Home again from Montana.
A different and greyer light. A heaviness, square and plodding and certain. A house to call our own, a village we are familiar with. We step back into tasks we had left behind, step back into life as we left it, head to work.
After a week away, the familiar is less familiar; the different is less different. Travel broadens a fellow, and so does living fully in the moment, here, now. Can I live fully in this little stretch of Wisconsin now, finding my full measure of joy in it? I hope so. It is okay for the farm boy to love the mountains; but it is also good to come home to familiar light, a sky I recognize. Fairwater is not rimmed by mountains the way Missoula, Montana, is. The sky does not reach forever in all directions but holds a certain German squareness. It is okay to love the mountains; it is better to come home.
Those clouds we flew over yesterday: they are above us today. There is blue sky following. The Missouri river divided blue sky from cloud for us yesterday. What shall divide them today? Shall we even be able to see the dividing line from this perspective, to think such thoughts?
It is not a summer day, but it is not sharply chilled either. Moisture on the windshield, the smell of autumn leaves, the smell of home.

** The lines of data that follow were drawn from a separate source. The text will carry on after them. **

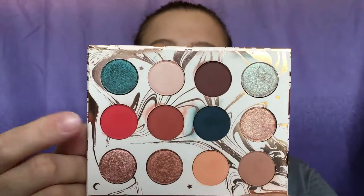Next we're going to go into 'Spark,' which is this orangish-reddish kind of color, and we are going to put that above the crease. The reason I have to put it above the crease is because I have hooded lids — if I put it in my crease it won't show up when I'm finished with the look. I'm going to take my M433 brush to use on this shadow.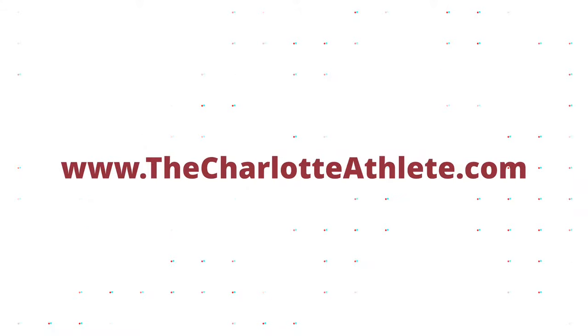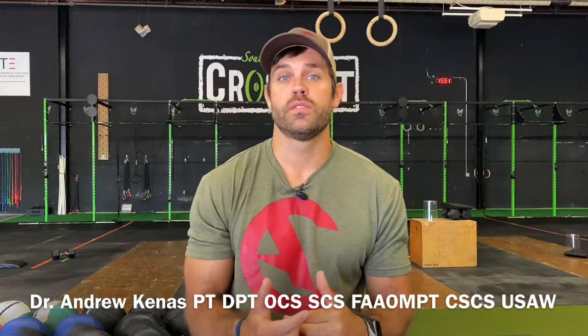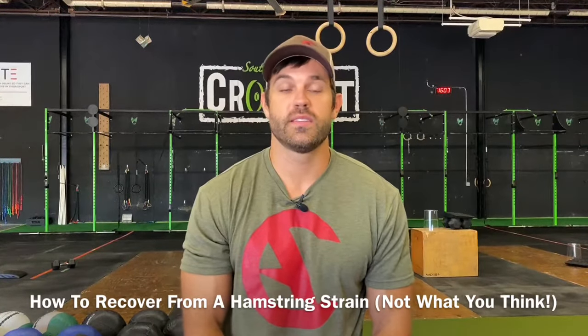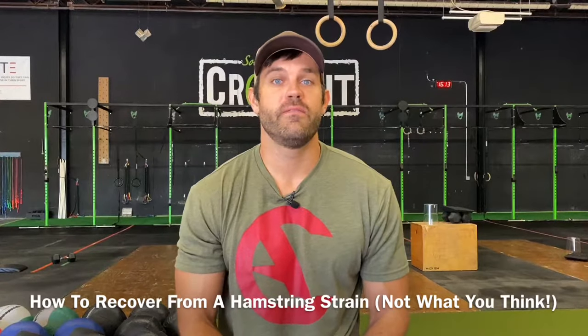In this video, we're going to show you exactly how to recover from a hamstring strain the right way — it's not what you think. Hey guys, Dr. Andrew here with The Charlotte Athlete, where we are committed to helping athletes quickly recover from injury so they can move better and continue to be active in their sport. Today we're going to talk about all things hamstring strains, how they're often mishandled, and exactly what to do to help you recover as fast as possible.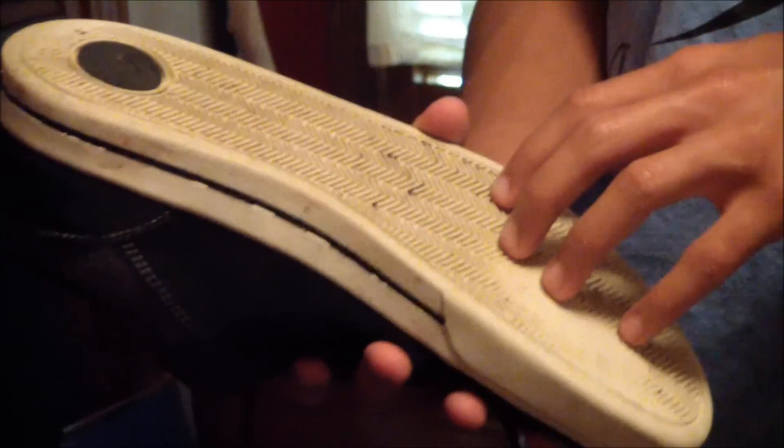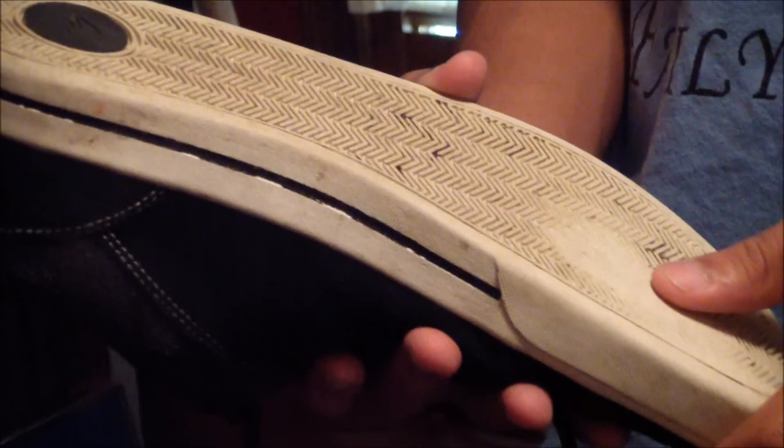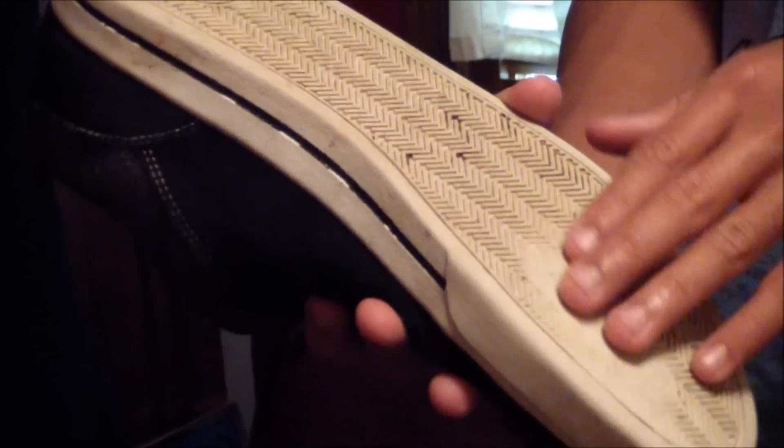One thing I do like about these is that the outsole lasts a very long time. I've been skating these for about three weeks and the outsole is just now wearing away. It grips really well. As you can see, the laces are very good too — these haven't ripped at all. The one thing that's bad is they come untied a lot. The suede is lasting a long time and the vulcanized outsole is holding up well.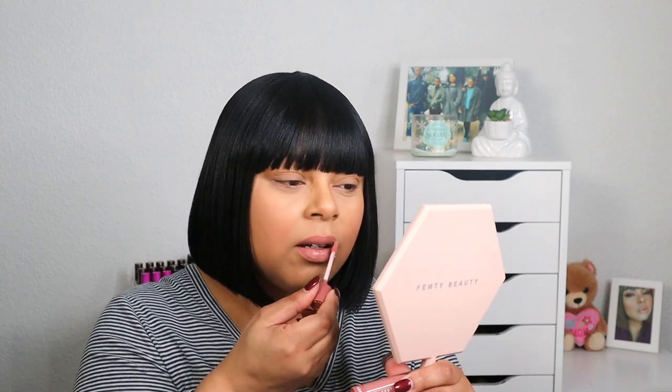It feels comfortable on the lips. Now I'm putting on the gloss. So with the On Repeat lip set, I have on the lip liner, the matte lipstick, and then the gloss. This is very pretty and very subtle — this is a daytime, everyday lip. I like the way they feel. I might go ahead and order the other three lip sets. Let me know your thoughts on this one.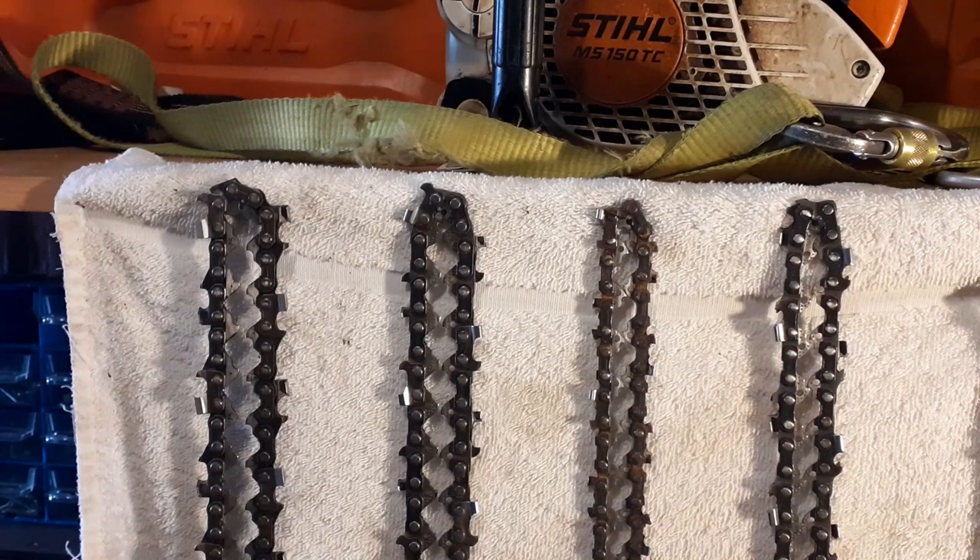Good morning. I'm sorry for the noise — it's blowing a gale outside and I can't get the workshop door closed. This video is about low kickback chainsaw chains. I'm doing it because I got a question on one of my videos asking if a low kickback chain was the same as a semi-chisel chain. The answer is that it isn't — it's a design feature. You can actually get low kickback semi-chisel, full chisel, and skip chains.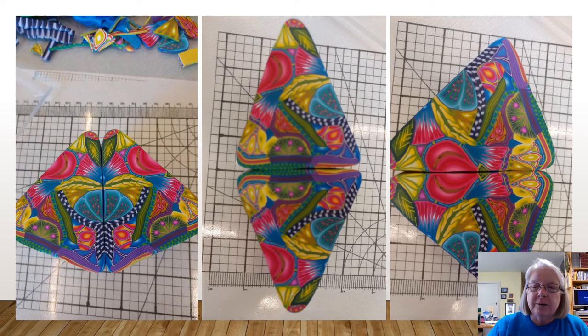Here are the two pieces put together — just kind of laid together — to show you the different designs that you can accomplish by turning this triangular formation around and how they line up and really make, I think, a gorgeous cane. And I was so excited that it turned out so well.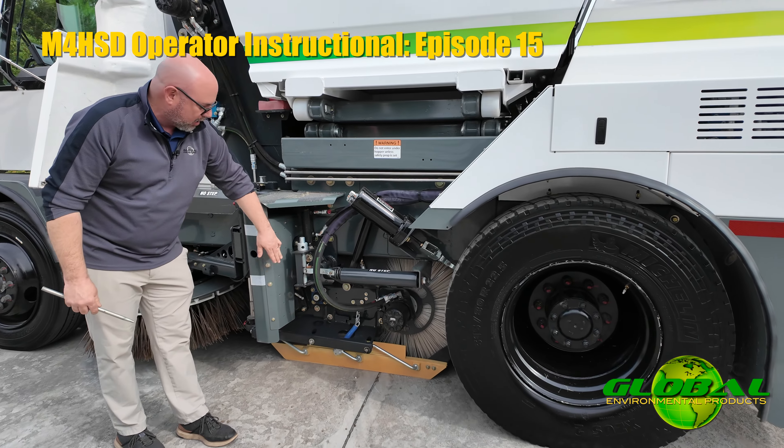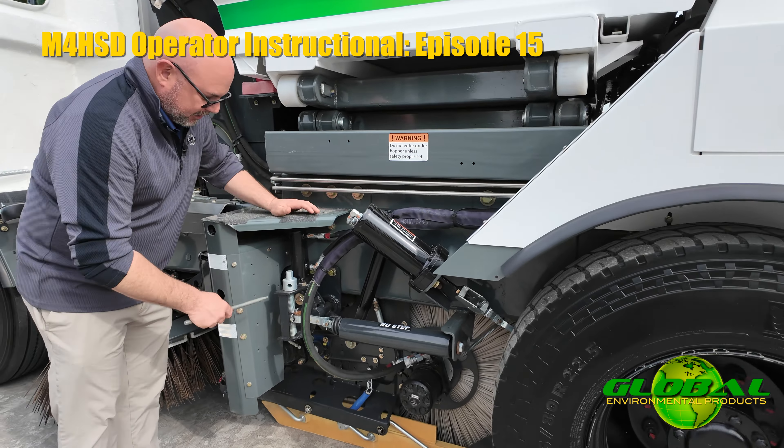If you need to adjust the pressure of your main broom, that is done manually outside of the sweeper. On the left hand side of the machine you'll see a long screw that goes into a block. You can use the same tool you use to change out your gutter brooms and turn the turnbuckle at the top of that screw. If you're turning it clockwise, you're going to be bringing this block up, and that's going to be adding down pressure to that main broom.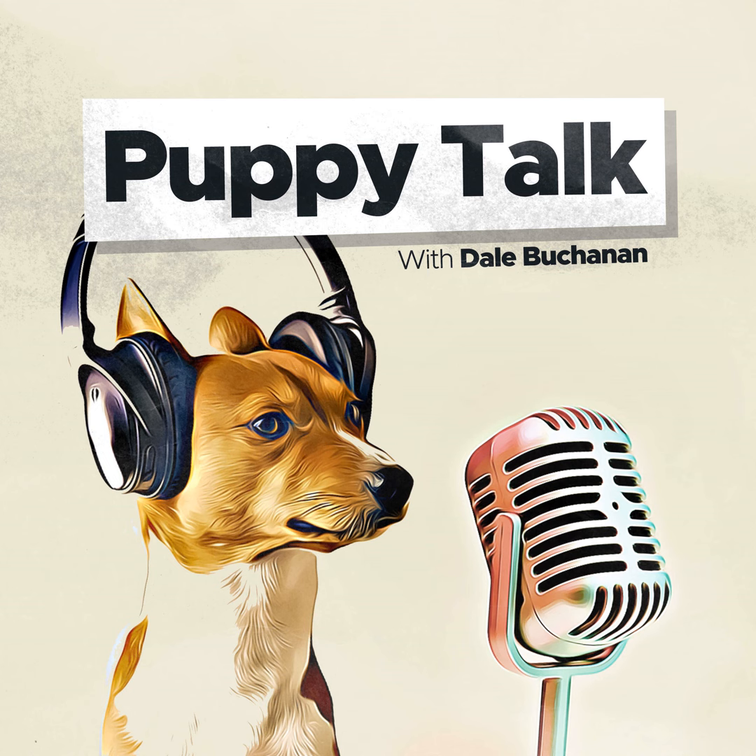This is Dale Buchanan, the host of Puppy Talk Podcast. Before we get started today, I wanted to let you know of my new book, The Complete Puppy Training Manual. It's available on Amazon in four formats: Kindle eBook, paperback, hardcover, and audiobook. You can find it on Amazon right now, and I will put a link in the show notes of this episode.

A wet landscape - some rain last night, apparently. Leaves have been falling - the trees are a thinner though still colorful fabric now. The clouds to the east along Lake Michigan are doubled and re-doubled on themselves, and icy blue. A field of corn has been harvested; another one, too, farther on. The soy beans near Five Corners have been taken and the fields have already been tilled. North of Five Corners, a woman drives a John Deere tractor, heading south towards me, pulling two wagons. She is a farm wife. She is serious. I recognize the determination on her face. I am home. I am with my people.